El American spoke with Mexican Senator Alejandra Reynoso (Guanajuato-PAN) about what is happening in the country, the offensives of President Andrés Manuel López Obrador (AMLO) to consolidate his power and what it means to be part of the opposition bloc in the Upper House.
Guanajuato is perceived as a right-wing stronghold. In fact, it was the only state where AMLO did not win in the 2018 elections. That is why the senator highlights the differences between this territory and the federal government, which, she says, “only destroys everything past, but does not finish building; and which treats private initiative as the fundamental enemy.”
“In Guanajuato, the economy is on a very steady course because there has been planning and the projects of one government have been respected in the next, not thinking in handouts, but in generating the conditions for investment and employment, recognizing that jobs are generated by private initiative, which is the fundamental ally.”
Reynoso also spoke to us about the difficulty of facing the centralizing idea of power in the figure of the president and reminded us that AMLO controls a good part of the Legislative — “with his qualified majority in the Chamber of Deputies and the simple majority in the Senate, where he also pressures the opposition by all means to keep his qualified majority” —, which has allowed him to concentrate even more power in the Executive.

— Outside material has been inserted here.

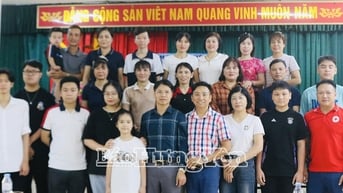 Tặng quà, nấu ăn thiện nguyện tại Trung tâm Bảo trợ xã hội và Công tác xã hội tỉnh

When asked what it is like to negotiate with the ruling party in the Senate, the senator answered that the ruling party congressmen “still do not understand what it means to legislate” and that they only repeat what AMLO says every morning in his speeches.
“If there was an officialism that studied, that read, the level of debate would be different”.
To prove her point, Alejandra Reynoso brought up the vote of the transitory article with which “Minister Zaldívar’s term as president of the Supreme Court was extended, in open violation of the constitutional text. Did the senators of the ruling party not realize that Article 97 of the Constitution directly prevents what they were proposing in its transitory article? Did they know and did not care or did they not even realize it?”
In the interview, Reynoso also explains to us what is the logic under which the AMLO regime moves. “On the one hand, it takes up the absolutism of the party-state of the 70s, but combines it with Chavista socialism, and this combination is the model of the Sao Paulo Forum.”
“We see it with the route he is taking in the economic system, we see it in the health issue, in education, in the concentration of purchases. You see it in the discourse of ending national industry. For AMLO the businessman is synonymous with the enemy, he follows the model of Venezuela and this ‘socialism of the 21st century.’ It is the combination of the party-state of the ’70s and the 21st-century socialism of Chavismo.”
Despite the panorama that Alejandra Reynoso describes with AMLO in power, she affirms that every day she finds Mexicans who are willing to confront the government’s agenda “Because what is at stake, beyond party colors or affiliations, is a model of life, an economic model, a development model […] We have to be an opposition to a regime. And this opposition is built with the citizens.”